From a litigation perspective, the case also illustrates how credibility findings can be decisive. The court did not treat the appellant’s evidence as merely conflicting; it treated it as undermined by multiple lies, including in documents submitted to insurers and in the probate process. For insurers and claimants alike, this underscores that courts will scrutinise not only the insurance application but also subsequent claim documentation and related sworn statements.

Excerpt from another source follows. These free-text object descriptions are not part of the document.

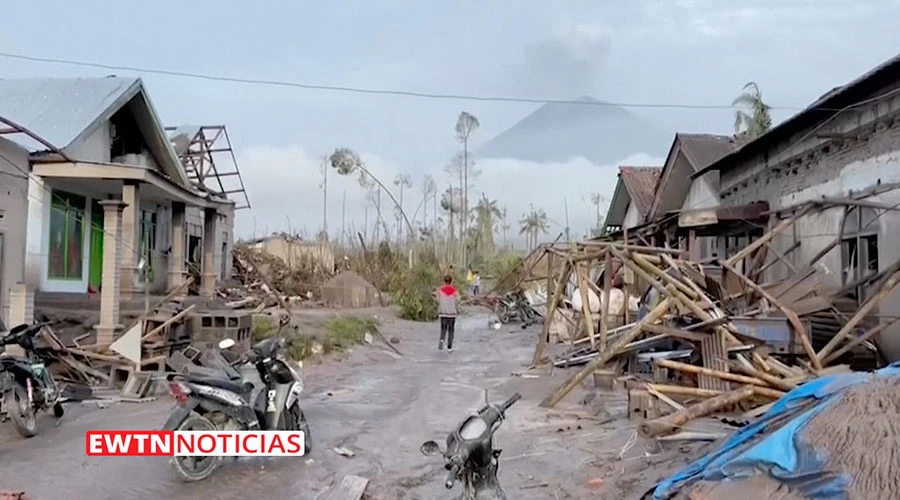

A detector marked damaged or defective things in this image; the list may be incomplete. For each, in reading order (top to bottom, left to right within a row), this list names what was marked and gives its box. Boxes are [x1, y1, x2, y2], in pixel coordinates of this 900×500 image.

damaged house [0, 76, 248, 338]
damaged house [692, 52, 900, 362]
abandoned motorcycle [0, 324, 64, 438]
abandoned motorcycle [163, 322, 312, 482]
abandoned motorcycle [420, 392, 520, 498]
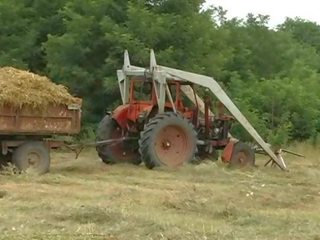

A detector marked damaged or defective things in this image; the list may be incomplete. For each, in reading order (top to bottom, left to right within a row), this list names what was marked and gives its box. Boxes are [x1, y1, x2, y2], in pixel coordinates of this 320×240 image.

rusty metal panel [0, 104, 81, 136]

Finally, the case demonstrates that investigative reports by loss adjusters are not determinative. Even where a report suggests there is “no evidence” of deliberate concealment, the court will still make its own findings based on the totality of evidence. Lawyers advising on insurance disputes should therefore treat such reports as helpful context at most, not as a substitute for proof or as a binding assessment of fraud.
Legislation Referenced
- Not specified in the provided judgment extract.
Cases Cited
- [2021] SGHC 130 (Tan Yi Lin Cheryl v AIA Singapore Pte Ltd) — High Court judgment appealed from
- [2021] (additional citation fragment shown in metadata as “Cases Cited: [2021] SGHC 130”; no other authorities were provided in the extract)
Source Documents
This article analyses [2021] SGHCA 23 for legal research and educational purposes. It does not constitute legal advice. Readers should consult the full judgment for the Court's complete reasoning.